**WHAT THE TASK REQUIRES**
Return the entries in full, exactly as written.

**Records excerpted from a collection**
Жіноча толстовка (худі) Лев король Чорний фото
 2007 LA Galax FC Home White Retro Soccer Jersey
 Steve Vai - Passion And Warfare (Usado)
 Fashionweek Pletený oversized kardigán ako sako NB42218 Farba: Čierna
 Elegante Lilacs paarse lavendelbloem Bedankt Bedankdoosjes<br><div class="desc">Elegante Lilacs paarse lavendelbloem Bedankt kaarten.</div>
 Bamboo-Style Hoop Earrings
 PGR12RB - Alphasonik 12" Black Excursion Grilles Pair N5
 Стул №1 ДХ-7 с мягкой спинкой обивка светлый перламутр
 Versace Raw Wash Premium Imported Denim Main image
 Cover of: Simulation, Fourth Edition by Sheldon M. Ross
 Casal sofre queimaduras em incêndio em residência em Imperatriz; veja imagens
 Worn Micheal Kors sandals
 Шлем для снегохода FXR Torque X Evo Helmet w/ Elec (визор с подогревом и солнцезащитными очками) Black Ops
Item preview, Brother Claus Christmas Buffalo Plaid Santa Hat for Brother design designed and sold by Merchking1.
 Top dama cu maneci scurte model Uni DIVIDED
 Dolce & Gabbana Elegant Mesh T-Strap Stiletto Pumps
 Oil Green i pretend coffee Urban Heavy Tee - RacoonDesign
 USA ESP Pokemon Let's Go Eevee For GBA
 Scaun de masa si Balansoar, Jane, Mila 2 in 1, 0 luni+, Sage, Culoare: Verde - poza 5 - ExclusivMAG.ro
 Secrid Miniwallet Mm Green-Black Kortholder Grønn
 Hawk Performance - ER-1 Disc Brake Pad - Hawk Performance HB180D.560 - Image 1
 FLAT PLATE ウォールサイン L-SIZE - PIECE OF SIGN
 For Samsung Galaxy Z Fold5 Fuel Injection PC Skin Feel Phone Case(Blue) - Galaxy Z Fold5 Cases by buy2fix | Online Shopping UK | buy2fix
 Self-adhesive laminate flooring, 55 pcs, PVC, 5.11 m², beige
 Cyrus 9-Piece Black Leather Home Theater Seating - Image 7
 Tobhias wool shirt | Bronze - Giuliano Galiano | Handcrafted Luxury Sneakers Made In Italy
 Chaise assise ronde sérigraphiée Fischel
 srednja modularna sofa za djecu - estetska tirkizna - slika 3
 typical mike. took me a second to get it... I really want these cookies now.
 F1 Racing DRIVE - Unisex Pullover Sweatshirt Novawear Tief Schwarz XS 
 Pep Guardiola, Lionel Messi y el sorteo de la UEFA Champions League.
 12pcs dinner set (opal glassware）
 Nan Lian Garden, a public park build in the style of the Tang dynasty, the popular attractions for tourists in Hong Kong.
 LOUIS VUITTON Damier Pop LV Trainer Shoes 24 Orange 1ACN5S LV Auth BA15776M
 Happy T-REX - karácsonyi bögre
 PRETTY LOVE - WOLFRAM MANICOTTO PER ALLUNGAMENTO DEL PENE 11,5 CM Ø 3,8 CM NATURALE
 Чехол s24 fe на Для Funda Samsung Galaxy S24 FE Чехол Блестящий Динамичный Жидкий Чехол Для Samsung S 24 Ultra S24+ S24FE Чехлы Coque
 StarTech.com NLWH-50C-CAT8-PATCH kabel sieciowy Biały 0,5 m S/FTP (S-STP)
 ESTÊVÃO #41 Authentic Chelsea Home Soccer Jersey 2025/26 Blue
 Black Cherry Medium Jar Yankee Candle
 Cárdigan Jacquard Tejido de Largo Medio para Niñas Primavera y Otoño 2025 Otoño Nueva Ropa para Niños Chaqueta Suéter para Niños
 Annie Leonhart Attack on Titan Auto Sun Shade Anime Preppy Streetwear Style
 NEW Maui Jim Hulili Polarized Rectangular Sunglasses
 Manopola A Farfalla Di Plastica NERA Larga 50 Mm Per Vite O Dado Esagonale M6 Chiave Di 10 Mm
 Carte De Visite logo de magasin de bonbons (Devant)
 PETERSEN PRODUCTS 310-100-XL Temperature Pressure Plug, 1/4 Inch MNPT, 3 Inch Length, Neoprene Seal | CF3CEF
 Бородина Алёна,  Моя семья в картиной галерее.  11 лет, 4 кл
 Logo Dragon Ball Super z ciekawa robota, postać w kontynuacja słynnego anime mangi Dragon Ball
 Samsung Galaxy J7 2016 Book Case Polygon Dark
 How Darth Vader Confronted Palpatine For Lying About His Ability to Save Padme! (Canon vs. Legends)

**ANSWER TO THIS EXERCISE**
Жіноча толстовка (худі) Лев король Чорний фото
 2007 LA Galax FC Home White Retro Soccer Jersey
 Steve Vai - Passion And Warfare (Usado)
 Fashionweek Pletený oversized kardigán ako sako NB42218 Farba: Čierna
 Elegante Lilacs paarse lavendelbloem Bedankt Bedankdoosjes<br><div class="desc">Elegante Lilacs paarse lavendelbloem Bedankt kaarten.</div>
 Bamboo-Style Hoop Earrings
 PGR12RB - Alphasonik 12" Black Excursion Grilles Pair N5
 Стул №1 ДХ-7 с мягкой спинкой обивка светлый перламутр
 Versace Raw Wash Premium Imported Denim Main image
 Cover of: Simulation, Fourth Edition by Sheldon M. Ross
 Casal sofre queimaduras em incêndio em residência em Imperatriz; veja imagens
 Worn Micheal Kors sandals
 Шлем для снегохода FXR Torque X Evo Helmet w/ Elec (визор с подогревом и солнцезащитными очками) Black Ops
Item preview, Brother Claus Christmas Buffalo Plaid Santa Hat for Brother design designed and sold by Merchking1.
 Top dama cu maneci scurte model Uni DIVIDED
 Dolce & Gabbana Elegant Mesh T-Strap Stiletto Pumps
 Oil Green i pretend coffee Urban Heavy Tee - RacoonDesign
 USA ESP Pokemon Let's Go Eevee For GBA
 Scaun de masa si Balansoar, Jane, Mila 2 in 1, 0 luni+, Sage, Culoare: Verde - poza 5 - ExclusivMAG.ro
 Secrid Miniwallet Mm Green-Black Kortholder Grønn
 Hawk Performance - ER-1 Disc Brake Pad - Hawk Performance HB180D.560 - Image 1
 FLAT PLATE ウォールサイン L-SIZE - PIECE OF SIGN
 For Samsung Galaxy Z Fold5 Fuel Injection PC Skin Feel Phone Case(Blue) - Galaxy Z Fold5 Cases by buy2fix | Online Shopping UK | buy2fix
 Self-adhesive laminate flooring, 55 pcs, PVC, 5.11 m², beige
 Cyrus 9-Piece Black Leather Home Theater Seating - Image 7
 Tobhias wool shirt | Bronze - Giuliano Galiano | Handcrafted Luxury Sneakers Made In Italy
 Chaise assise ronde sérigraphiée Fischel
 srednja modularna sofa za djecu - estetska tirkizna - slika 3
 typical mike. took me a second to get it... I really want these cookies now.
 F1 Racing DRIVE - Unisex Pullover Sweatshirt Novawear Tief Schwarz XS 
 Pep Guardiola, Lionel Messi y el sorteo de la UEFA Champions League.
 12pcs dinner set (opal glassware）
 Nan Lian Garden, a public park build in the style of the Tang dynasty, the popular attractions for tourists in Hong Kong.
 LOUIS VUITTON Damier Pop LV Trainer Shoes 24 Orange 1ACN5S LV Auth BA15776M
 Happy T-REX - karácsonyi bögre
 PRETTY LOVE - WOLFRAM MANICOTTO PER ALLUNGAMENTO DEL PENE 11,5 CM Ø 3,8 CM NATURALE
 Чехол s24 fe на Для Funda Samsung Galaxy S24 FE Чехол Блестящий Динамичный Жидкий Чехол Для Samsung S 24 Ultra S24+ S24FE Чехлы Coque
 StarTech.com NLWH-50C-CAT8-PATCH kabel sieciowy Biały 0,5 m S/FTP (S-STP)
 ESTÊVÃO #41 Authentic Chelsea Home Soccer Jersey 2025/26 Blue
 Black Cherry Medium Jar Yankee Candle
 Cárdigan Jacquard Tejido de Largo Medio para Niñas Primavera y Otoño 2025 Otoño Nueva Ropa para Niños Chaqueta Suéter para Niños
 Annie Leonhart Attack on Titan Auto Sun Shade Anime Preppy Streetwear Style
 NEW Maui Jim Hulili Polarized Rectangular Sunglasses
 Manopola A Farfalla Di Plastica NERA Larga 50 Mm Per Vite O Dado Esagonale M6 Chiave Di 10 Mm
 Carte De Visite logo de magasin de bonbons (Devant)
 PETERSEN PRODUCTS 310-100-XL Temperature Pressure Plug, 1/4 Inch MNPT, 3 Inch Length, Neoprene Seal | CF3CEF
 Бородина Алёна,  Моя семья в картиной галерее.  11 лет, 4 кл
 Logo Dragon Ball Super z ciekawa robota, postać w kontynuacja słynnego anime mangi Dragon Ball
 Samsung Galaxy J7 2016 Book Case Polygon Dark
 How Darth Vader Confronted Palpatine For Lying About His Ability to Save Padme! (Canon vs. Legends)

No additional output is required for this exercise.